How long can an offering stay open under the Ontario Securities Commission’s crowdfunding proposal? Firstly, the issuer’s documentation must indicate how long the offer is open. In any case, it may not exceed 90 days, which is the current rule for a prospectus. If the offering does not meet its target financing, the offering must be withdrawn. The thinking behind this provision is that information can become stale and put the potential investor at a disadvantage because s/he does not have “full disclosure” of the proposed investment. There would be no restriction on re-issuing an offering immediately after the previous offering was withdrawn, provided it meets all of the OSC requirements at the time of re-issue.

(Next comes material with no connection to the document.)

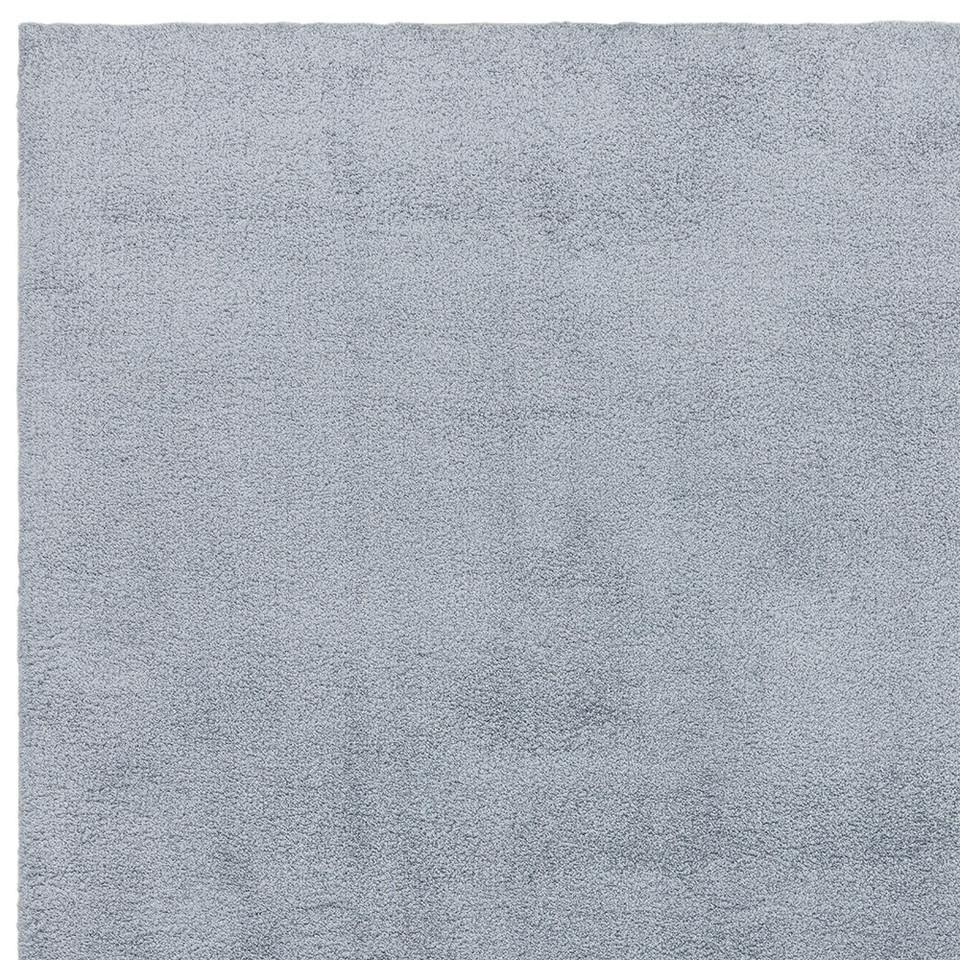 blue plain shaggy rug portrait corner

The National Crowdfunding Association of Canada (NCAC) notes that markets are not predictable and implies that while 90 days might be adequate in some circumstance, it may not be adequate in another. In order to adhere to the “full disclosure” principle, the NCAC proposes that some sort of extension of the original 90 days ought to be devised, provided any information that has changed is updated. Furthermore, the NCAC proposes that issuers of previous offerings, whether successful or otherwise, should provide this information on subsequent issues. The NCAC notes this requirement would be similar to the present requirement for prospectus disclosure.
If the purpose of the 90 day rule is “freshness” of information, certainly this could be dealt with by supplemental information or a declaration that all information in the “old” offering remains relevant. This would make it less onerous on the issuer in terms of time and cost and protect the investor. Seems a no –brainer. Let’s see how it shakes out with the OSC.